No, I'm saying if you clear the main linux pte while there are still
remote ptes in place (in turn the page_count has been boosted by 1
with your current code), and you relay on mm/rmap.c for the
->invalidate_page, you will generate a unswappable-pin-leak.

The linux pte must be present and the page must be mapped in userland
as long as there are remote references to the page and in turn as long
as the page_count has been boosted by 1. Otherwise mm/rmap.c won't be
called.

At the very least you should move your invalidate_page in
mm/vmscan.c and have it called regardless if the page is mapped in
userland or not.

> > This is the same as the tlb flush, there's a reason we normally do:
> > 
> >      pte_clear()
> >      flush_tlb_page()
> >      __free_page()
> >      
> > instead of:
> > 
> >      flush_tlb_page()
> >      pte_clear()
> >      __free_page()
> > 
> > The ordering you're implementing is backwards and unnatural, you can
> > try to serialize it with explicit locking to block the "remote-tlb
> > refills" through page bitflags (something not doable with the core
> > master tlb because the refills are done by the hardware with the
> > master tlb), but it'll remain unnatural and backwards IMHO.
> 
> I do not understand where you actually clear the remote pte or spte. You 
> must do it sometime before the notification to make it work.

Definitely not. spte is just like a second tlb. You never flush the
tlb before clearing the main linux pte! Do like I suggested:

    flush_tlb_page()
    pte_clear()
    __free_page

and you'll see crashes very very soon.

With KVM the backwards order perhaps it wouldn't crash because when
the spte maps the page the page is pinned, but still there would be an
unswappable-pinned-memory-leak.

> > > > > - anon_vma/inode and pte locks are held during callbacks.
> > > > 
> > > > In a previous email I asked what's wrong in offloading the event, and
> > > 
> > > We have internally discussed the possibility of offloading the event but 
> > > that wont work with the existing callback since we would have to 
> > > perform atomic allocation and there may be thousands of external 
> > > references to a page.
> > 
> > You should however also consider a rearming tasklet/softirq invoked by
> > ksoftirqd, if memory allocation fails you retry later. Furthermore you
> > should not require thousands of simultaneous allocations anyway,
> > you're running in the PF_MEMALLOC path and your memory will come from
> > the precious PF_MEMALLOC pool in the objrmap paths! If you ever
> 
> Right. That is why the mmu_ops approach does not work and that is why we 
> need to sleep.

You told me you worried about atomic allocations. Now you tell me you
need to sleep after I just explained you how utterly useless is to
sleep inside GFP_KERNEL allocations when invoked by try_to_unmap in
the mm/rmap.c paths. You will never sleep in any memory allocation
other than to call schedule() because need_resched is set. You will do
zero I/O. all your allocations will come from the PF_MEMALLOC pool
like I said above, not from swapping, not from the VM. The VM will
obviously refuse to be invoked recursively.

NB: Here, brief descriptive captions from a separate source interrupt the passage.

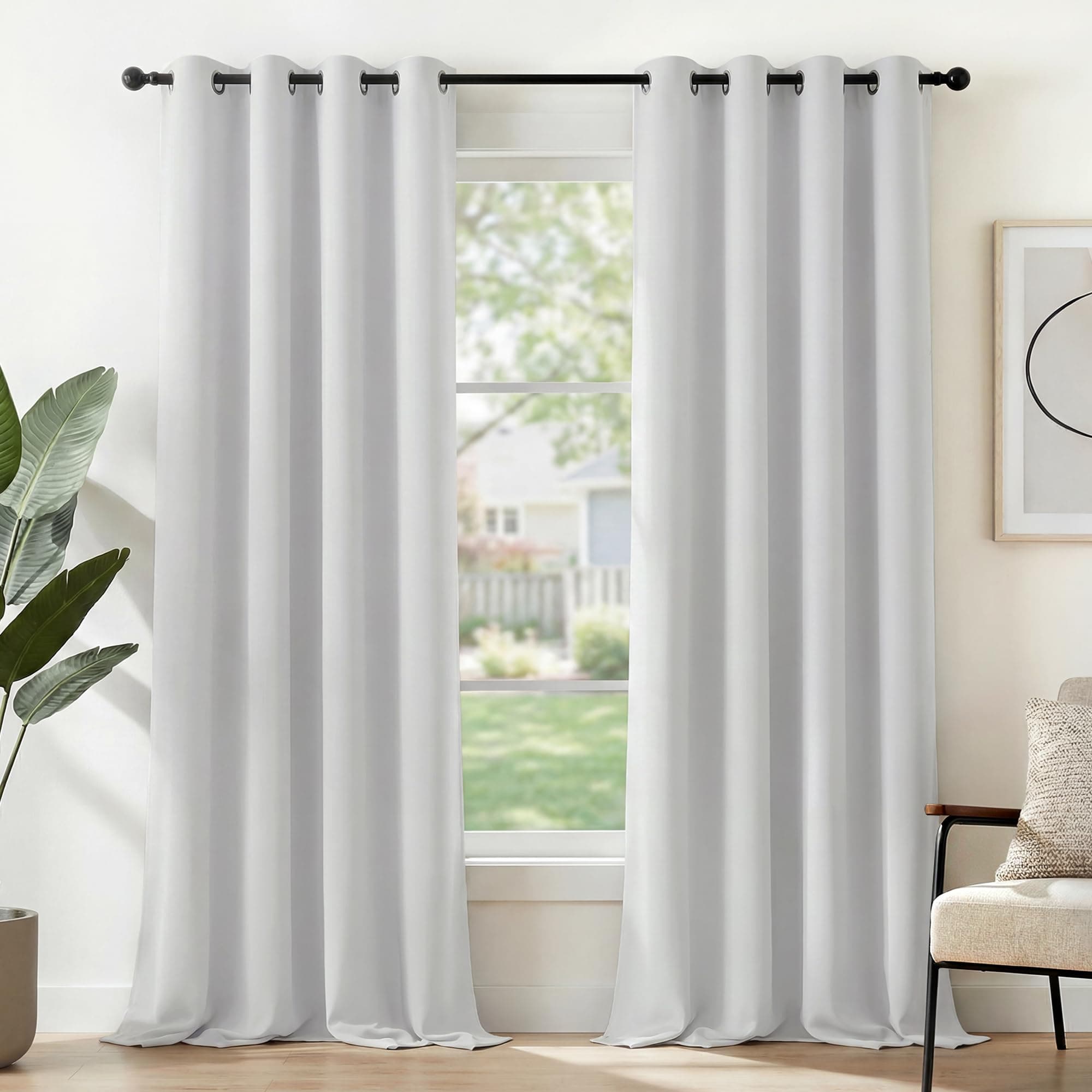 Deconovo Tende Oscuranti per Interni con Anelli – Set di 2 Tende Termiche Isolanti e Anti-Rumore, 140x240 cm (LxA), Ideali per Camera da Letto, Soggiorno e Ufficio, Grigio Perla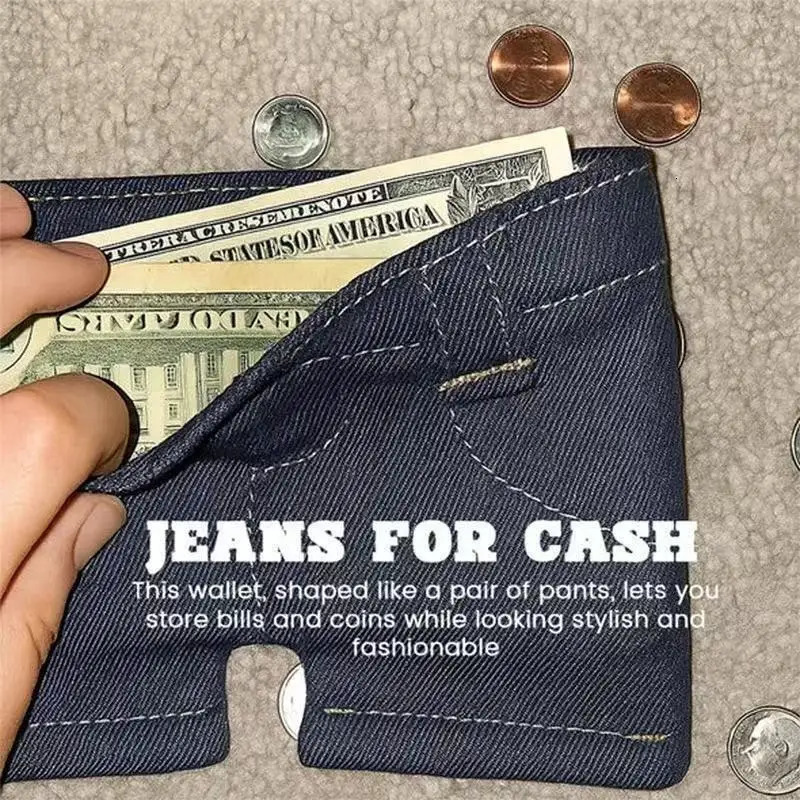 Mini Jeans Wallet Foldable Jeans Shaped Change Bag Card Holder wallets for women wallet men 251029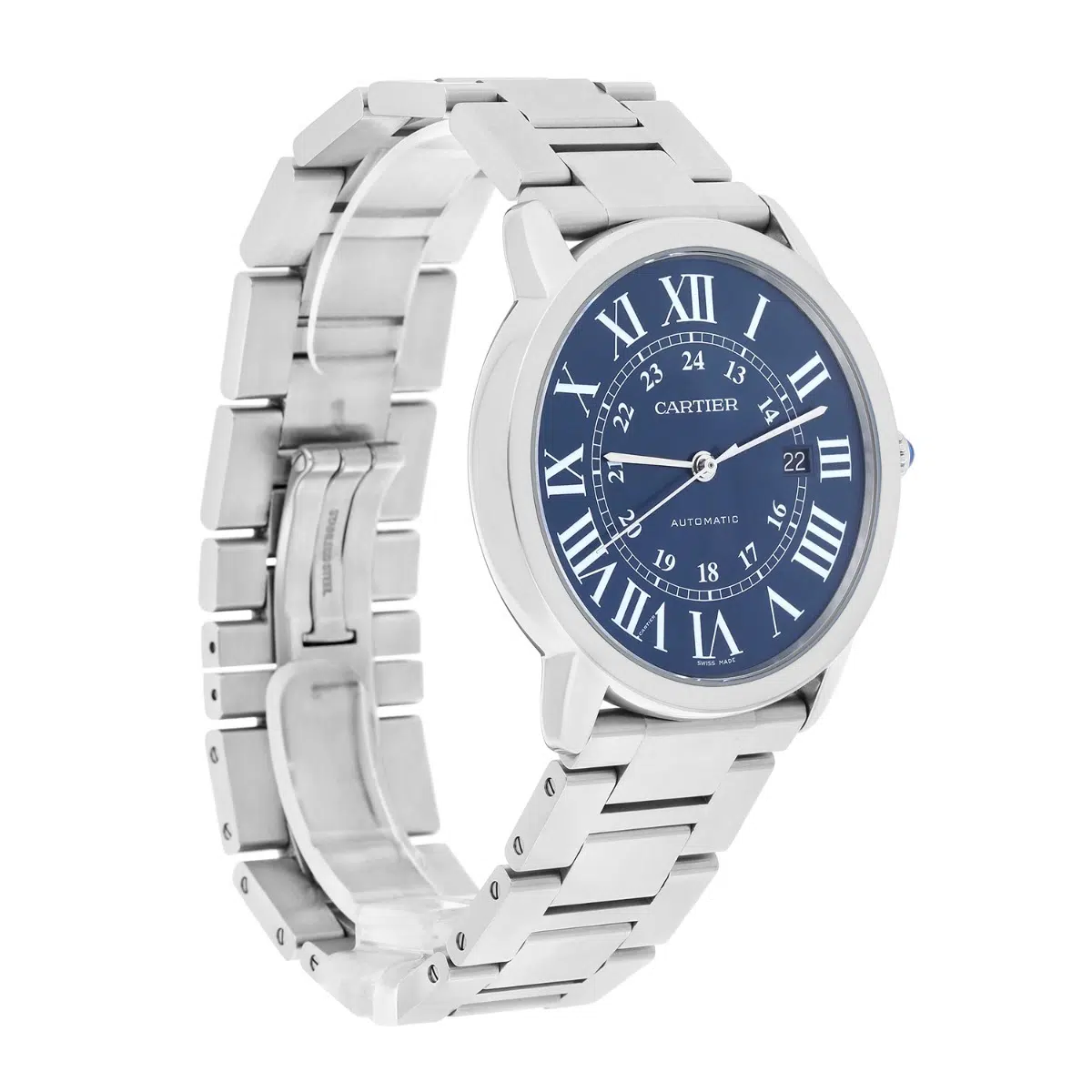Cartier Ronde Solo XL Blue Dial Automatic Steel Mens Watch WSRN0023 Papers – image 4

> > attempt what you suggest (simultanous allocation of thousands of
> > packets to simultaneously notify the thousand of external reference)
> > depending on the size of the allocation you can instant deadlock
> > regardless if you can sleep or not. Infact if you can't sleep and you
> > rearm the tasklet when GFP_ATOMIC fails you won't instant
> > deadlock.... I think you should have a max-amount of simultanous
> > allocations, and you should notify the external references partially
> > _serially_. Also you can't exceed the max-amount of simultanous
> > allocation even if GFP_ATOMIC/KERNEL fails or you'll squeeze the whole
> > PF_MEMALLOC pool leading to deadlocks elsewhere. You must stop when
> > there's still quite some room in the PF_MEMALLOC pool.
> 
> Good. So we cannot use your mmops approach.

If PF_MEMALLOC from my mmu notifiers isn't enough, the place where you
put your invalidate_page will only get memory from PF_MEMALLOC and it
will also not be enough.

Also not sure why you call my patch mmops, when it's mmu_notifier instead.

> Well that could be avoided by keeping an rmap for that purpose?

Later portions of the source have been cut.